In this recent adaptation of one of his famous and last essays, Why I am an Atheist, Joshi tries to understand Bhagat Singh the enigma and examine his lack of faith even in the time of adversity. Was there a truly stoic man in his shoes or was he a zealous youth trapped in his own vanity? Did choosing to be a `thinking revolutionary’ mean choosing to disbelieve in God? Joshi poses these questions through the ghost of J.P. Saunders, a British police officer Singh accidentally killed. Saunders in the play peruses the question of atheism in the context of the nation. But there is a third mysterious character who goes into narrative monologue, and sometimes explains the context of the play.
The content poses the biggest challenge here for the actor and the director. The bare bones of the play — discussions between the characters about faith, patriotism, conscience — are all based on the essay. Those not familiar with the essay will fail to understand most of what is said in the play. There is the risk of the audience only grasping the story, and evading the analysis or interpretation of the play. Also this begs the question: how does the entire essay and its analysis fit into a 45-minute performance? The answer: jerky. While an experienced actor like Aiyer manages to move between the characters skilfully, jumps in the content and presentation make it erratic. There are many allusions like the constant reference to Nero or the influence Trotsky and Marx had on Bhagat Singh.

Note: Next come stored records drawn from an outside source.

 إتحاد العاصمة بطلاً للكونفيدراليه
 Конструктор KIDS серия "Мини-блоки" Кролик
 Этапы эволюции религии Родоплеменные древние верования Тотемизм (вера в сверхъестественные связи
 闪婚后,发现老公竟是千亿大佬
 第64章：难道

The discussion between Saunders and Bhagat Singh moves fast, without much chance for comprehension, almost making it feel like plain oration at parts. The narrator does admit that one might see the entire discussion as nothing more than academic ramblings. But nothing changes. The director also includes a physical voice, an offstage, loud voice, at times in the play, repeating what Bhagat Singh has said. Whose voice is it? It was distracting and seemed out of place.

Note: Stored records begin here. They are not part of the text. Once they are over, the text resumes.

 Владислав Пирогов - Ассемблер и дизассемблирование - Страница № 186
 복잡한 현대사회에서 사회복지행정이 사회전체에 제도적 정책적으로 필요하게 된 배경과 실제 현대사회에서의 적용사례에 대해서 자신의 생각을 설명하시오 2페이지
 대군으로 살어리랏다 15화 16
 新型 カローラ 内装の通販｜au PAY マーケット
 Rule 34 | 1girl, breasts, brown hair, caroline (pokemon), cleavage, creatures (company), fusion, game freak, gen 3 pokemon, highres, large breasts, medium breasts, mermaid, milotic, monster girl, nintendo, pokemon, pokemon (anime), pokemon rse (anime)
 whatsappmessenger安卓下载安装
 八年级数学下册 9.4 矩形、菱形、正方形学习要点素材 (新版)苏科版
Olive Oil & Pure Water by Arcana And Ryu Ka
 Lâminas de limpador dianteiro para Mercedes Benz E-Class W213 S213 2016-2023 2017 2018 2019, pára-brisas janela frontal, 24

Director Ashish Sen chose to use a single actor to play all these three roles probably to reinforce the fact the Bhagat Singh was indeed conflicted and perhaps in constant conversation with himself. In the execution of the play, in combination with the content, the different characters have been given different points on stage as if in a way to establish their characters. The stage setting was simple. While Bhagat Singh paces between the chairs, sometimes sitting, but always talking aloud, the character of Saunders starts behind the chairs, slightly away, to give the impression of the British guard. The third character stands again aloof (metaphorically and actually) moving in places connecting the different pieces of the play.

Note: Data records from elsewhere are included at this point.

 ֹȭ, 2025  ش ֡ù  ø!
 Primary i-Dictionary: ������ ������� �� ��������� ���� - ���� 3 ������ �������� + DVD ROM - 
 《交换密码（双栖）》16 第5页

One wonders if the play was challenging enough for an actor as experienced as Aiyer. But the ease with which he moved through the characters did show that he was at least having a good time on stage. The lighting by Paresh was good, but the costumes and the mystery of Bhagat Singh’s missing moustache became the topic of discussion amongst the audience post-performance. While it is a pity that this seemed to be the topic of discussion with some, most young members of the audience seemed to want to reach out for a copy of Why I am an Atheist.